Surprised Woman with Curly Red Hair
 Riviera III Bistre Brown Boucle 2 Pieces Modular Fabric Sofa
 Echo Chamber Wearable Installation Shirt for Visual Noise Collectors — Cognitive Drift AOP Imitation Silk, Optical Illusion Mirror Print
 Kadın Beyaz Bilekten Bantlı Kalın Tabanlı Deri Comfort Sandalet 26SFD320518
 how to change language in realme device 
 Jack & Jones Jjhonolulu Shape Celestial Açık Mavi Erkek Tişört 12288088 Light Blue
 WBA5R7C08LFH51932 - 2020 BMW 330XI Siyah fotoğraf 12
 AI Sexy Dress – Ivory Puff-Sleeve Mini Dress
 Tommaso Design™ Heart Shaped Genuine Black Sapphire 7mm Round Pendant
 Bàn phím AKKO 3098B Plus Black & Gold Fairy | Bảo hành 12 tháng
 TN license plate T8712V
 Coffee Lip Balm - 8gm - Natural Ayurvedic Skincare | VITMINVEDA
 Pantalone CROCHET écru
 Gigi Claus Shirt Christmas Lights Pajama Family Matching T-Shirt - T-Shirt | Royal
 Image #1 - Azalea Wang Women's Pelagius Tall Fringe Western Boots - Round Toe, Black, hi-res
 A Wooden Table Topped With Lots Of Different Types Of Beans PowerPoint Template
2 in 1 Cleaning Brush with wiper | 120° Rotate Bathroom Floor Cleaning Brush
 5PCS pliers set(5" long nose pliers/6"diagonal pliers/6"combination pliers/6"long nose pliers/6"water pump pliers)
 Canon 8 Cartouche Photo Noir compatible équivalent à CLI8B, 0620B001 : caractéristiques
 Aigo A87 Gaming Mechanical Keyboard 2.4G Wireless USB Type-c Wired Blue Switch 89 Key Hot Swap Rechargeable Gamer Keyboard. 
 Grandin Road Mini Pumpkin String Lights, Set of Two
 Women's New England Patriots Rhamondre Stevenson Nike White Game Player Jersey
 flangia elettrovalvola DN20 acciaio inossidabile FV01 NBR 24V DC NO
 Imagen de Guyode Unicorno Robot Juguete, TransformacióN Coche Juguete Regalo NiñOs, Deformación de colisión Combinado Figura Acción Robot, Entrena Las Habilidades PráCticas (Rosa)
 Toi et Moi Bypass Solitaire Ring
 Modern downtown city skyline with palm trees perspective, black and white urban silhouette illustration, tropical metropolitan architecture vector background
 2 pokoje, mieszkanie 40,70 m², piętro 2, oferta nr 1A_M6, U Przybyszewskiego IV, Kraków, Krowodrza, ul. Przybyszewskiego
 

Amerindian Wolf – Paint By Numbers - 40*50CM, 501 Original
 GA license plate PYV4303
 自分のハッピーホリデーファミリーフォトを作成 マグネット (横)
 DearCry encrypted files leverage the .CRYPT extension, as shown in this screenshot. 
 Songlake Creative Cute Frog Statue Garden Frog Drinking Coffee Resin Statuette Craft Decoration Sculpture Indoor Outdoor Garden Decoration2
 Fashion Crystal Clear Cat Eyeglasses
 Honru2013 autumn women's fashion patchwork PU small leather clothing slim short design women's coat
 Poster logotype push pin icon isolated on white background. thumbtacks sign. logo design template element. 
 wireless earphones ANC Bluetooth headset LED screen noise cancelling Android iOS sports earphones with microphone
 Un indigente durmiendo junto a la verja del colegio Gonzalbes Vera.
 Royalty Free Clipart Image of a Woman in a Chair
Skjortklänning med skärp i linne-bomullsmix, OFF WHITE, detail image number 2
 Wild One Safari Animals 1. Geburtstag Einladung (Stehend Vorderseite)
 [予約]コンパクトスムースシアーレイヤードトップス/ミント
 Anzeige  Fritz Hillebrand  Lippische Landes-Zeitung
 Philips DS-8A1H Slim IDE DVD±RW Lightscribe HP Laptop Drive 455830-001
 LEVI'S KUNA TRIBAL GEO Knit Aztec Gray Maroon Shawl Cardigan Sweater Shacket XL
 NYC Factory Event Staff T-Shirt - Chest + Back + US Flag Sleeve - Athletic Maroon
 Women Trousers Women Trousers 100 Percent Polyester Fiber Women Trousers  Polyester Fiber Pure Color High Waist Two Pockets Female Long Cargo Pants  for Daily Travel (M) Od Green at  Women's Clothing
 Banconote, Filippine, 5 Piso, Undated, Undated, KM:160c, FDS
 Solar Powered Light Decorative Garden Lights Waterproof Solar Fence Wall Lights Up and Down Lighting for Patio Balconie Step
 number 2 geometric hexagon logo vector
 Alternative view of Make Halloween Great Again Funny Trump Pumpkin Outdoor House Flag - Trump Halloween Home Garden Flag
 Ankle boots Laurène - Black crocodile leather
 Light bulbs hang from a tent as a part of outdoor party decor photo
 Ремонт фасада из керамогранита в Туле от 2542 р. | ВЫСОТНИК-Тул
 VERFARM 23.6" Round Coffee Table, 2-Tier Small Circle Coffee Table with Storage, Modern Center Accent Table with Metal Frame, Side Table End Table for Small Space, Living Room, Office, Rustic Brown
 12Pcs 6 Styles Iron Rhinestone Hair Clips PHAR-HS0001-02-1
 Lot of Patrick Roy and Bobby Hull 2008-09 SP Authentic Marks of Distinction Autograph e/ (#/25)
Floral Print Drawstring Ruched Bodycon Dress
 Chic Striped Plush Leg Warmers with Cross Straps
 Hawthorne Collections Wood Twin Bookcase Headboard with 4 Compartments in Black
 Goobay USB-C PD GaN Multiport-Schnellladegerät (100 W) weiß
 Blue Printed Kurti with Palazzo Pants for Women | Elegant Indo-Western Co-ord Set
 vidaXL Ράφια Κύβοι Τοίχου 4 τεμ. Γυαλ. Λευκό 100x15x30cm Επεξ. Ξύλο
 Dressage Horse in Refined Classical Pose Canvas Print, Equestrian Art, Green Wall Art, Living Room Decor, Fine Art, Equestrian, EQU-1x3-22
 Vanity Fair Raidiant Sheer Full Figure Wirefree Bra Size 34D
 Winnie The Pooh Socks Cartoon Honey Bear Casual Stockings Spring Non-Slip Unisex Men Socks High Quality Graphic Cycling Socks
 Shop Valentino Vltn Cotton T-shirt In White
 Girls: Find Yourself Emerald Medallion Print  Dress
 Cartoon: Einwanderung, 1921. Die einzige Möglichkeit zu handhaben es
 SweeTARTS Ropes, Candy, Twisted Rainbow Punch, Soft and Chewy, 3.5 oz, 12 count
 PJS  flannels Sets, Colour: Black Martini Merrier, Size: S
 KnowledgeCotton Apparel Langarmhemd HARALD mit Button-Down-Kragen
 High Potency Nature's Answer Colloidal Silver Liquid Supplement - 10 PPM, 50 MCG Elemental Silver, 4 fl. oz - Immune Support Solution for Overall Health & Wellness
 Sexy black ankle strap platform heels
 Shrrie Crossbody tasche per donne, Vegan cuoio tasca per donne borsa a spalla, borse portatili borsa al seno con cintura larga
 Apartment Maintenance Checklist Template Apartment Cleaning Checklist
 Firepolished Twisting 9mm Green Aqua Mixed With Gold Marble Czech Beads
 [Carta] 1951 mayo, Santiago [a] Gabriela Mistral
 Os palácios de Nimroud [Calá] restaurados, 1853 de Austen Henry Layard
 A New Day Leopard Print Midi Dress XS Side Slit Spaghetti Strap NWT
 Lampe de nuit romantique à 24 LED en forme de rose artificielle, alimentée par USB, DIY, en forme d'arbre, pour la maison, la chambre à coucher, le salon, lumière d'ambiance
· · · · ·
• _What is required_
Leave out every line above except those from the line with "Poster logotype push" up to and including the line with "Un indigente durmiendo", and copy those exactly.

• _Response below_
 Poster logotype push pin icon isolated on white background. thumbtacks sign. logo design template element. 
 wireless earphones ANC Bluetooth headset LED screen noise cancelling Android iOS sports earphones with microphone
 Un indigente durmiendo junto a la verja del colegio Gonzalbes Vera.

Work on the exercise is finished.